Closed rivques closed 5 months ago

rivques commented 6 months ago

TODO: write down more about how anchor values work, etc.

The end result of this will be a big list of:

AverseABFun commented 6 months ago

A lot of this stuff should be in the bag-manifest repo, correct? Or at least all of the items and the time for crafting them?

rivques commented 6 months ago

Update: Spent some time dumping everything in a Google Sheet with the help of a script in rivques/bag-tools. However, I don't like this approach at all, as spreadsheets don't fit these data types well. I think tomorrow I'll take another attempt at analyzing the items with several scripts that can better adapt to the data structures and also aren't declarative.

I'm not sure yet if the economy is mathematically solvable. My hope is that if it's underdefined, and adding anchor values can make it solvable. If it's overdefined, however, (which it almost certainly is), that would mean that there are multiple ways to make the same item, which could prove tricky to balance well, as well as tricky to do math on.

The more I think about how I want to approach this, the harder the problem seems to get.

rivques commented 6 months ago

i've spend some more time thinking about it, here are some notes from the brainstorm: TLDR1: this problem, at least part of it, may be easier than i initially thought, but I won't know until I try, hopefully tomorrow TLDR2: intended value will probably be regulated via crafting and production times TLDR3: these tools will be called BEST, for Bag Economy Solver Tools

Bag economy solver tool (BEST) brainstorming

End goal: Figure out the best values of things in the bag economy.
What values?
- item intended values
- shop buy/sell prices
- item crafting/production times (maybe start with this one?)
what does "best" mean?
- promotes ~3% inflation (not sure if this is solvable with this system alone)
- promotes progression in gameplay (i.e., better in the long run to smelt ore into iron than to sell raw iron ore)
  - rigorously, items that are a further distance from raw materials are "more progressed"
- doesn't have one obvious meta

how to do this:
0. calculate the progression scores of each item. (each item can have multiple progresison scores because there can be more than one way to get that item)
0.1. go through all the actions and figure out what materials you can get from them.
0.2. manually filter out items whose main method of attaining is not thru raw materials (looking at specifically tanzanite dust here, maybe others)
0.3. make a breadth-first search from the raw materials through the recipe graph. store for each item that item's distance and the route to get there. maybe store the shortest 4ish distances?
0.4. take a look at this data and make sure it makes sense. assuming there's nothing that this alg ranks low-progression that should be much higher-progression:

a pause for a definition: an Abstract Time Unit (ATU) represents some later-defined amount of time and is something like a scaling factor. Setting one ATU to 2 minutes would make the game twice as slow as setting one ATU to 1 minute.

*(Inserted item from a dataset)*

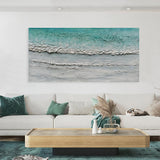 Blue Sea Ocean Wave Beach Canvas Abstract Textured Art Pure Hand-painted Oil Painting Home Decoration Restaurant For Living Room Bedroom Wall Decor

actually, this is much simpler than i thought. the easiest approach is this:
1. Have a human fully define the intended values (in ATUs) of each item.
2. Make a program that goes through all the recipes and figures out how long each recipe needs to take (in ATUS), based on the difference between the resulting item's value and the recipes' items' value, and a tool break % chance if it exists.
3. Decide on a gp/hour value and a value for ATUs, and from there, fill out each recipe's time in seconds.
it should be that simple.
ways this approach could fail:
- a negative crafting time is needed to make a value work. this means the product is less valuable than its ingredients, and should be solvable by adjusting one or more ingredient intended values or tweaking the recipe (perhaps to produce more product, or to require fewer ingredients).
- an unintended meta could emerge. not sure how to handle this.
- this approach doesn't make any attempt to control inflation with intended values (not sure if that's even possible) and leaves that up to other mechanisms, like genstore prices and prestige items
- excessively long crafting times could be required for some items. to alleviate this, tool break %s can be increased (because w/o tool break % tools would be considered worthless, as their cost would be spread out over infinitely many crafts)
rivques commented 6 months ago

Did a bunch of work in rivques/bag-tools for this method. It looks like it'll work, and I'm getting fairly reasonable values. Right now the workflow is very undocumented, and it'll stay that way until I nail down what it actually is.

rivques commented 6 months ago

finished working on Bag Economy Solver Tool (BEST) over at rivques/bag-tools. Now I just need to upload my new files to bag-manifest and complete #24 so the values are actually respected.